O governo Dilma Rousseff vem entregando resultados fiscais inferiores aos números oficialmente anunciados quando são descontados artifícios contábeis, como a incorporação de elevadas receitas extraordinárias, e o efeito do comportamento da economia na arrecadação. A constatação é do próprio Ministério da Fazenda, que divulga nesta terça-feira, 23, um estudo inédito com cálculos sobre o chamado desempenho fiscal “estrutural” entre 2002 e 2013.
No ano passado, por exemplo, a economia para o pagamento de juros da dívida pública, por esse conceito estrutural, foi de apenas 0,87% do Produto Interno Bruto (PIB). Oficialmente, o resultado fiscal anunciado foi de 1,9% do PIB em 2013. O cálculo ajusta as contas fiscais pelo ciclo econômico e desconta do resultado as chamadas receitas extraordinárias não recorrentes, como a arrecadação com concessões e programas extraordinários de pagamentos de débitos (Refis).
O estudo “Monitor Fiscal”, obtido pelo jornal O Estado de S.Paulo, mostra que desde 2010 o resultado fiscal efetivo, ou estrutural, tem sido muito inferior ao oficialmente anunciado pelo governo.
No cálculo, feito pela Secretaria de Política Econômica (SPE), a média entre 2002 e 2013 do superávit primário convencional, ou seja, aquele anunciado pelo governo, foi de 3% do PIB ao ano. O resultado estrutural, ou efetivo sobre a chamada demanda agregada, foi de 2,61% do PIB por ano.

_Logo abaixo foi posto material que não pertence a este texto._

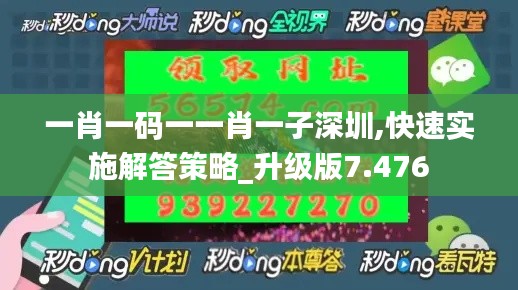 一肖一码一一肖一子深圳,快速实施解答策略_升级版7.476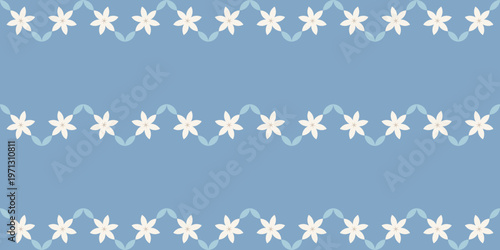 Geometric pattern seamless white jasmine flowers with light blue leaves zigzag wave pattern on blue background. Design for fabric, Background, Wallpaper, Vector Illustration.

Comandada há quatro anos pelo economista Márcio Holland, a SPE vem desde o fim de 2011 preparando o documento que será divulgado hoje na internet. Os cálculos vão jogar luz sobre uma das áreas mais sombrias e pouco transparentes do governo Dilma Rousseff: a política fiscal. O ministro indicado da Fazenda, Joaquim Levy, vem enfrentando dificuldades internas para obter acesso aos dados. A divulgação do “Monitor Fiscal”, embora sob responsabilidade da SPE, também sugere um movimento do atual ministro, Guido Mantega, para antecipar-se a críticas à área fiscal.
Impacto
O estudo da SPE tenta quantificar o impacto efetivo do resultado fiscal sobre a atividade econômica. Há duas formas de olhar o superávit primário. Uma delas é sob a perspectiva de solvência das contas públicas, onde a lógica seria uma espécie de “vale tudo”: todos os recursos usados para o pagamento dos juros da dívida contam, independentemente de terem sido obtidos pelo governo por meio de programas como o Refis, com concessões, por dividendos ou por triangulações de recursos entre o Tesouro Nacional e os bancos públicos.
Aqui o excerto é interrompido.